Quegli episodi di follia e violenza
Quegli episodi di follia e violenza "La risposta è la cura, non il carcere"
9 mag 2023
Quegli episodi di follia e violenza "La risposta è la cura, non il carcere"
Il procuratore capo Manzione interviene nel dibattito sull’omicidio Capovani e gli ultimi fatti di cronaca "La detenzione è impensabile e non si può affidare il percorso terapeutico alla mera volontà del paziente".
Quegli episodi di follia e violenza "La risposta è la cura, non il carcere"
Quegli episodi di follia e violenza "La risposta è la cura, non il carcere"
Tre aggressioni, di cui uno purtroppo mortale, nel giro di poco più di due settimane, con protagonisti soggetti con conclamati problemi psichiatrici. Tre quelli che hanno interessato la nostra provincia. Dall’omicidio della dottoressa Barbara Capovani, del 21 aprile, per il quale è accusato Gianluca Paul Seung, 35enne di Torre del Lago; all’aggressione in Psichiatria del San Luca del 30 aprile, da parte di due pazienti ai danni di un infermiere. Fino a sabato scorso, quando un 32enne ha picchiato selvaggiamente la madre, in casa a Pietrasanta. Una casistica che preoccupa il procuratore capo di Lucca, Domenico Manzione, a tal punto da intervenire in prima persona sul dibattito, che queste vicende hanno stimolato, sul sistema di cura e gestione.

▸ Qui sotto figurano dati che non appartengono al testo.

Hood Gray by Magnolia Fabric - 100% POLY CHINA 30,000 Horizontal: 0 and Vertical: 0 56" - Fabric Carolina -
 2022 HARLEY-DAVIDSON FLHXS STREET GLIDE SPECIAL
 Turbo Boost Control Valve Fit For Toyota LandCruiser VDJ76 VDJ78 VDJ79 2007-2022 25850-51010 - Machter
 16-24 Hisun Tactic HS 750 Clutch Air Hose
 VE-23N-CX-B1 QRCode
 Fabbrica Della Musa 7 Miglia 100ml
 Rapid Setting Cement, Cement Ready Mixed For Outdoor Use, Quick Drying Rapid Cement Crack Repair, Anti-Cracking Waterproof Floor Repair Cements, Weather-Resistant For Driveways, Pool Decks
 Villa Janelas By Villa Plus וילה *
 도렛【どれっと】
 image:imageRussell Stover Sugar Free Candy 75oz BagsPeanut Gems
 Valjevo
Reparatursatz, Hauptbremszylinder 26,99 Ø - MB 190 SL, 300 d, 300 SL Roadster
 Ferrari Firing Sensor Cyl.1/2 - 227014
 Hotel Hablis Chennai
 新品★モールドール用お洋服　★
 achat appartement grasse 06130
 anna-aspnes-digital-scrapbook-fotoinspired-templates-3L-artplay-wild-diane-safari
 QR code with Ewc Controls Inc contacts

"Sono preoccupanti perché attestano un sistema che si rivela sicuramente inefficace. Ci dicono che è arrivato il momento di cambiare registro. In questi tempi in cui il disagio è evidentemente cambiato, ha manifestazioni più aggressive, è necessario che la politica italiana - e qui lancio un appello al ministro - metta mano al sistema".
Cosa si dovrebbe fare secondo lei?
"Intanto si dovrebbe partire da due punti fondamentali. In primis dovrebbe essere chiaro a tutti, quindi a sindaci, amministratori e agli esperti, o presunti tali, che il carcere non è la risposta a problemi di disagio sociale o di malattia. Ci vuole consapevolezza su questo. Appurato ciò, il percorso extra giudiziario deve avere la sua efficacia".
I tre episodi citati dimostrano che non è così.
"In questo momento, per debolezza ontologica delle strutture non può esserlo".
In questi giorni si è parlato tanto di Rems e, anche qui, della poca disponibilità di posti.
"Le Rems, che sono la misura di sicurezza per antonomasia, sono strutture altrettanto deboli quanto quelle del servizio sanitario nazionale. E credo la situazione sia stata aggravata da una tendenza a spostare sul versante psichiatrico anche situazioni di disagio minore. Nelle Rems c’è gente che non ci dovrebbe stare. Sia sulle strutture sanitarie che su quelle più giudiziarie, nessuno si è fatto carico di valutare non solo l’insufficienza che già c’è, ma anche quella che poteva derivare dall’aggravamento dei compiti. Non solo, c’è un altro elemento. Le Rems non prevedono nessuna possibilità di contenimento per i soggetti che, oltre ad essere malati, manifestano qualche forma di pericolosità. Affermare “se opportunatamente seguito non è pericoloso“ non ha molto senso se è il soggetto stesso a decidere se essere seguito o meno".
Cosa ci sta dicendo?
"Ripeto, è impensabile che il carcere diventi lo strumento con cui si isola il disagio sociale, o addirittura sanitario. Per questo motivo non si può tornare agli ospedali psichiatrici giudiziari. Ma, siccome la malattia può avere risvolti sotto il profilo della personalità e alcuni soggetti possono essere un rischio per loro stessi e per gli altri, non ci si può affidare alla volontarietà delle cure. Ma alla possibilità di avere un contenimento nel momento in cui emerge una situazione di pericolo. Fare in modo che la volontà di cura non sia affidata alla mera volontarietà del paziente".